We report a 4-year experience of a new program in pediatric intestinal transplantation. Among 50 children referred for evaluation, 27 were listed for transplantation. Two children originally listed for combined liver/small bowel transplant were changed to isolated intestinal transplant as rehabilitation efforts resulted in full recovery of hepatic function. Eighteen children received 18 grafts: 12 liver/intestine, 5 isolated intestine, and 1 multivisceral. Mean age at transplant was 3.6 year with 75% of patients aged 0 to 2 years. Five listed children died while waiting and four were still on the list.
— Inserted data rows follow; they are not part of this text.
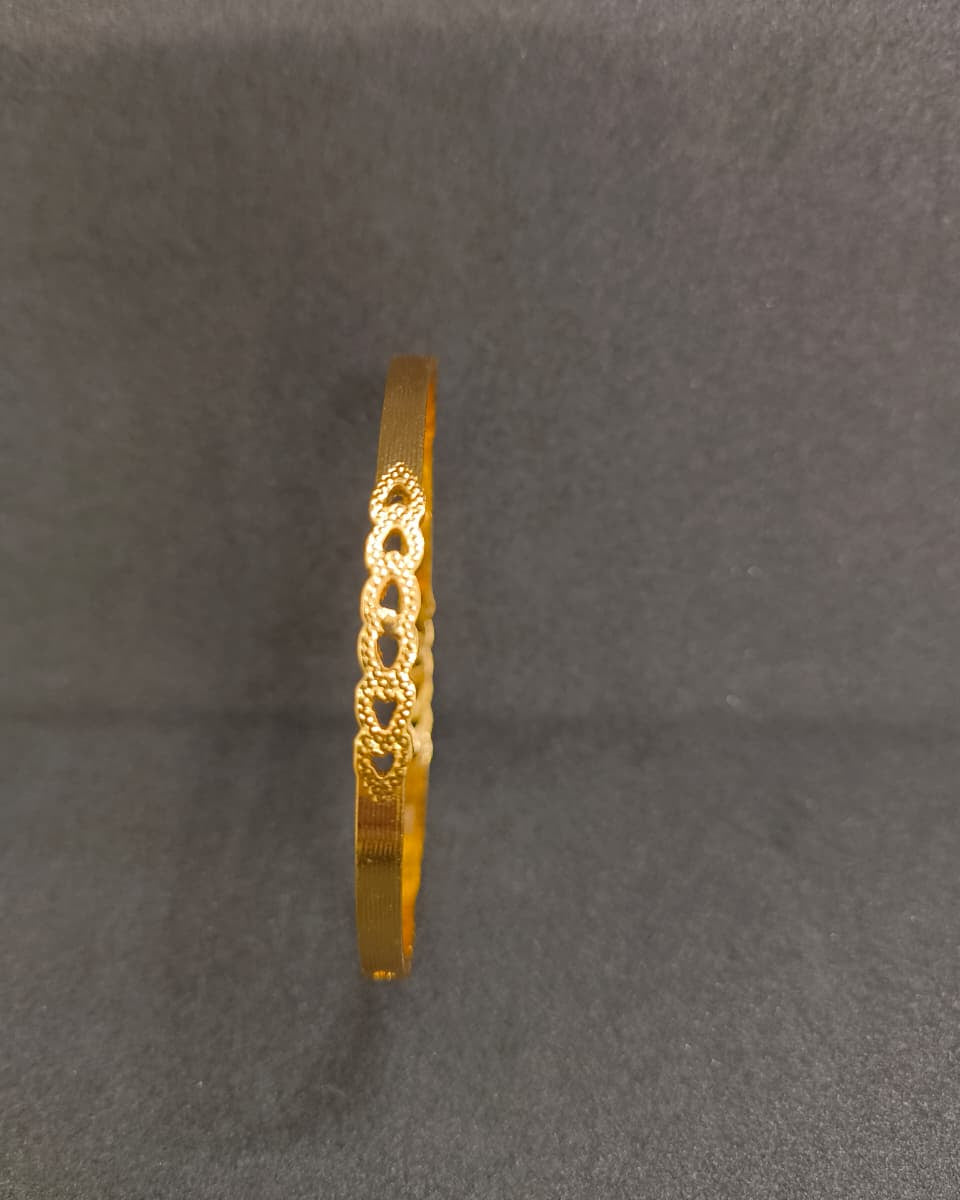 Bangles #JKKN1_036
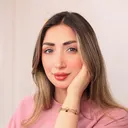 @itsraghad6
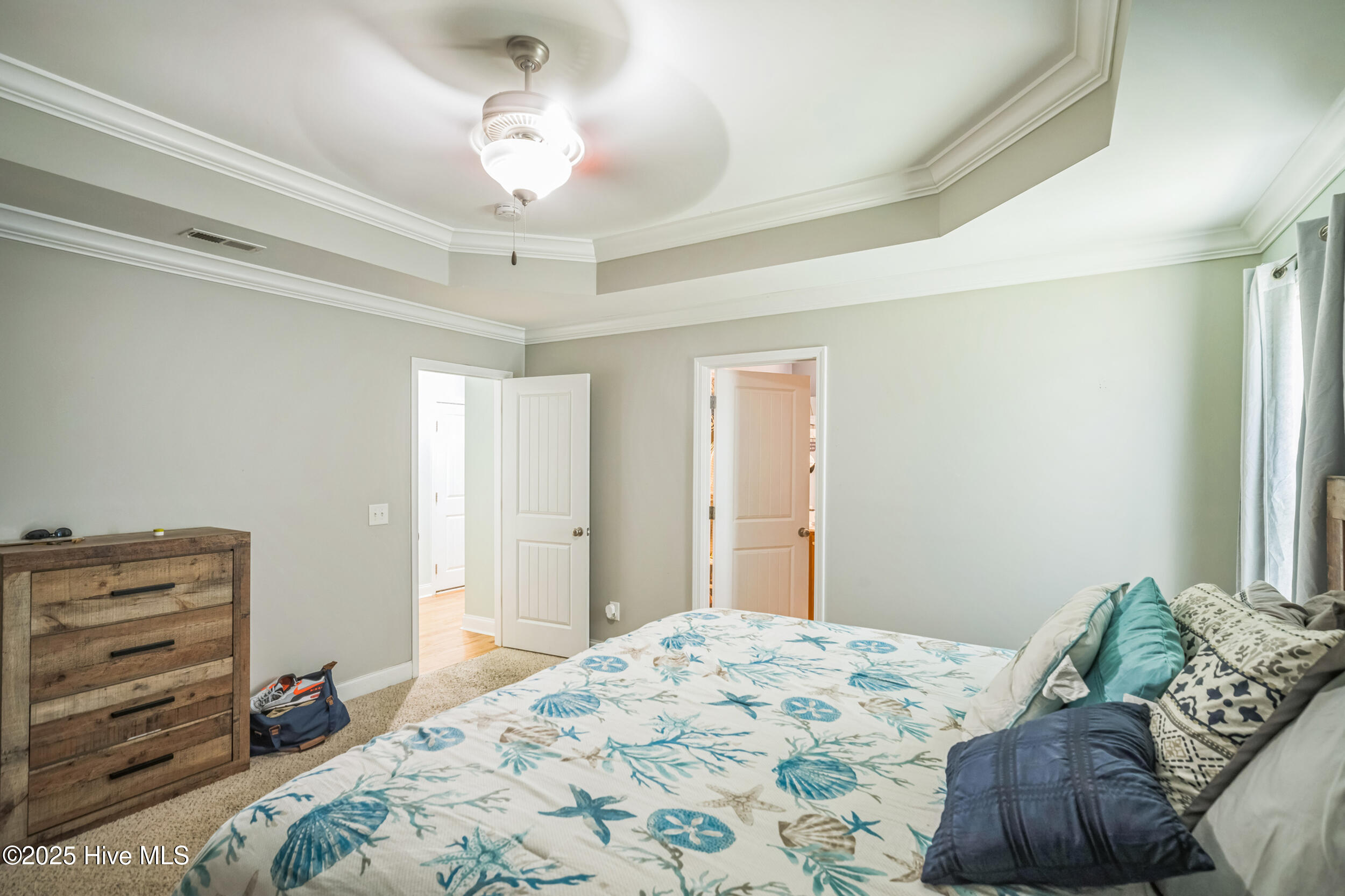 100517815 | Photo 15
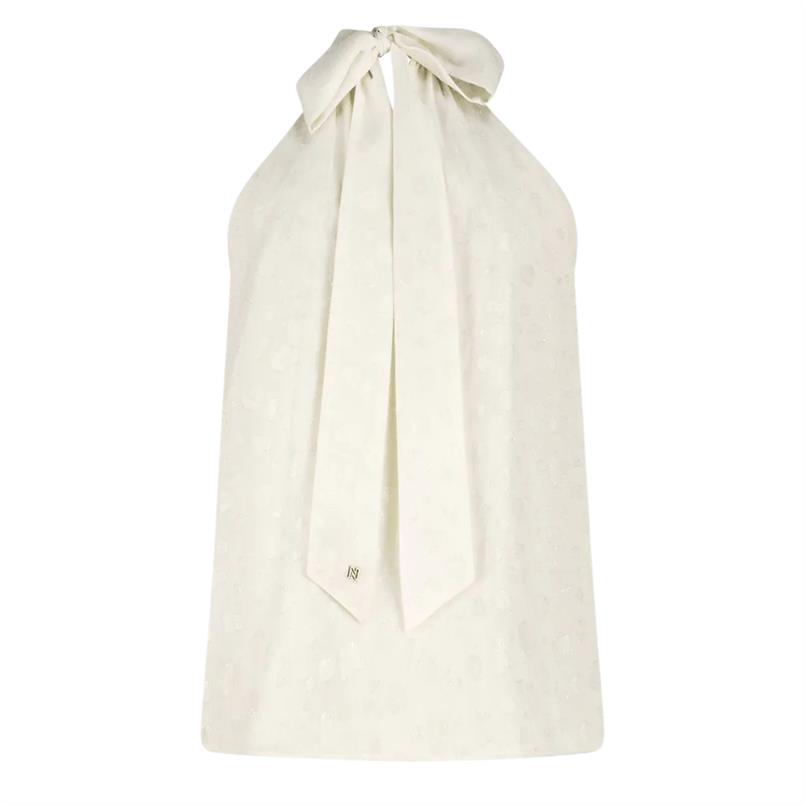Nikkie N 6-599 2505 Creme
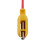 Water Level Controller Sensor Head 12 pcs 1.5m 2.5m 3.5m 7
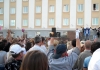 Файл=9748.jpg
Объём=144KB
Размеры=1200x848
Дата=Июль 04, 2010 9748.jpg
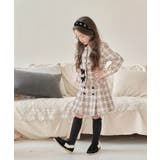 レトロ本革モカシン | BACKYARD FAMILY | 詳細画像2 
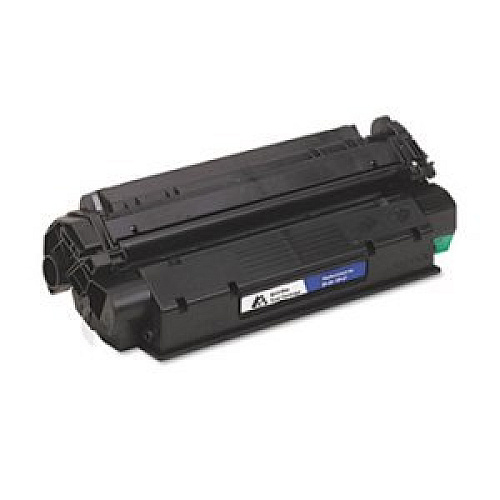 Compatible Canon X25 Black Toner Cartridge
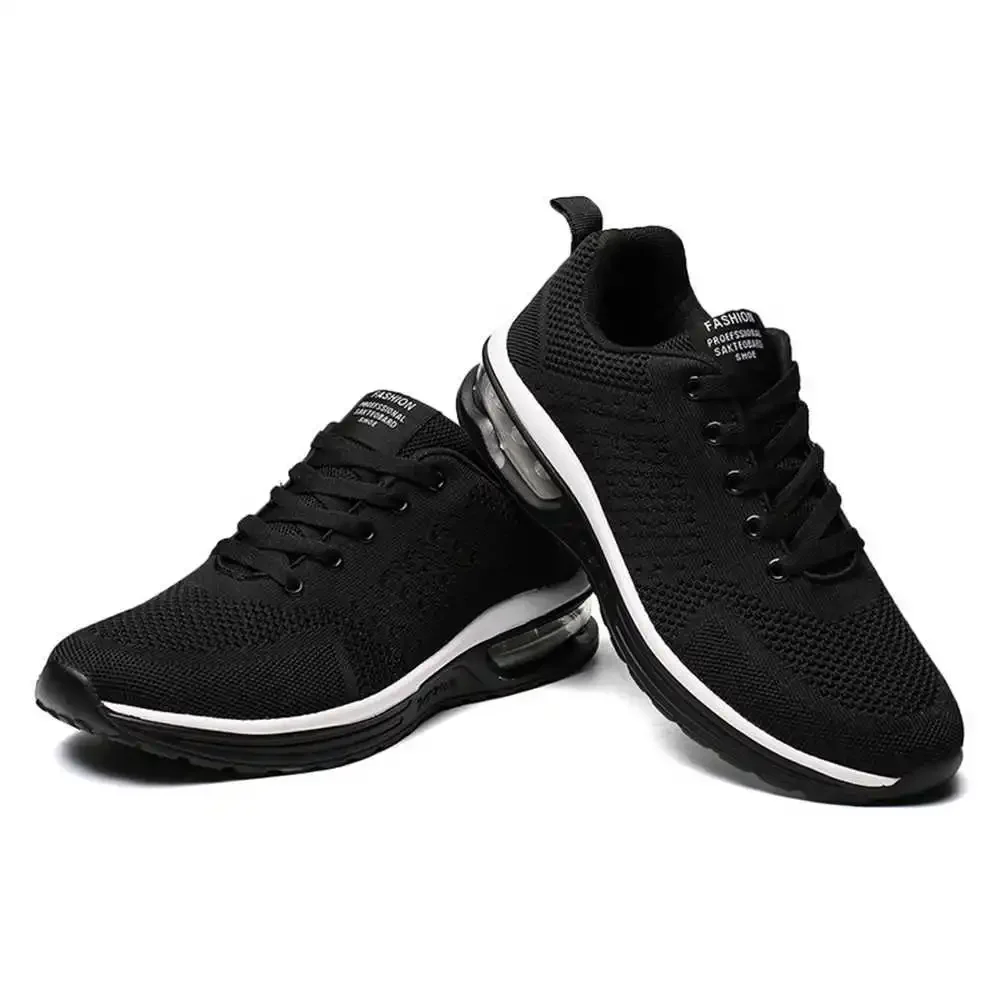 

size 38 oversize sneakers sale Basketball sport shoes women black botasky damske technology tenus sapa kawaiis trainers YDX2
Immunotherapy included antithymocyte globulin induction and tacrolimus, sirolimus, and prednisone maintenance. At 1 year, patient and graft survivals were 75% and 67%, respectively. For isolated intestine, 1 year survivals were 100% and 75%, while for combined liver/intestine, they were 71% for both. Enteral autonomy is 100% with total parenteral nutrition stopping by 35.8 days (mean). We had two patients develop posttransplant lymphoproliferative disorder and three, exfoliative rejection, one of whom recovered completely. In conclusion, our program in pediatric intestinal transplantation has become well established with a high proportion of smaller/younger children receiving grafts. Outcomes achieved levels expected based on The Intestinal Transplant Registry and UNOS criteria, which were better than expected for isolated intestinal transplants and achievement of enteral autonomy.